Let’s assume we want to tune a Random Survival Forest (surv.rfsrc). Instead of writing manual wrapper functions for every combination of parameters, we define a list of the values we want to test.


# Define our hyperparameter search space
rf_tuning_params <- list(
  nodesize = c(3, 15, 30), # Deep vs. Shallow trees
  ntree = c(100, 500)      # Number of trees in the forest
)

3. Generating the Tuning Grid

We pass our base learner name and parameter list into create_grid(). The function will automatically generate unique R functions for all 6 combinations in your global environment and return their names!

# Automatically generate 6 different Random Forest wrappers
rf_grid <- create_grid(
  base_learner = "surv.rfsrc", 
  grid_params = rf_tuning_params
)

# View the dynamically generated function names
print(rf_grid)
#> [1] "surv.rfsrc_nodesize3_ntree100"  "surv.rfsrc_nodesize15_ntree100"
#> [3] "surv.rfsrc_nodesize30_ntree100" "surv.rfsrc_nodesize3_ntree500" 
#> [5] "surv.rfsrc_nodesize15_ntree500" "surv.rfsrc_nodesize30_ntree500"

4. Fitting the Tuned Ensemble

You can now pass this dynamically generated character vector directly into your SuperSurv library.
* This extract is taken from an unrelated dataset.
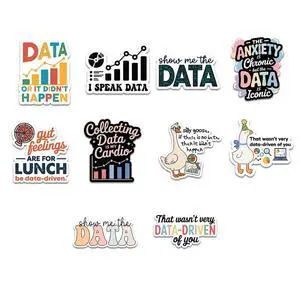(10 Pcs) Data Analysis Stickers Pack, Funny Data Driven Vinyl Decals, I Speak Data Quote Stickers for Analysts, Scientists, Coders, Laptop Water Bottle Scrapbook Decor (10 Pcs) Data Analysis Stickers Pack, Funny Data Driven Vinyl Decals, I Speak Data Quote Stickers for Analysts, Scientists, Coders, Laptop Water Bottle Scrapbook Decor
We can combine our tuned ML grid with a baseline Cox model to ensure we always have a linear fallback.

# Combine baseline with our 6 tuned forests
my_ml_library <- c("surv.coxph", rf_grid)

# Fit the ensemble (pseudo-code)
fit_tuned <- SuperSurv(
  time = train$duration,
  event = train$event,
  X = X_tr,
  newdata = X_te,
  new.times = new.times,
  event.library = my_ml_library,
  cens.library = c("surv.coxph"),
  nFolds = 3
)

# Inspect which hyperparameter combination won!
round(fit_tuned$event.coef, 3)

By leveraging create_grid(), you can easily execute a massive hyperparameter search space across XGBoost, SVMs, or Random Forests, mathematically guaranteeing that your final ensemble minimizes the cross-validated risk without any manual trial-and-error!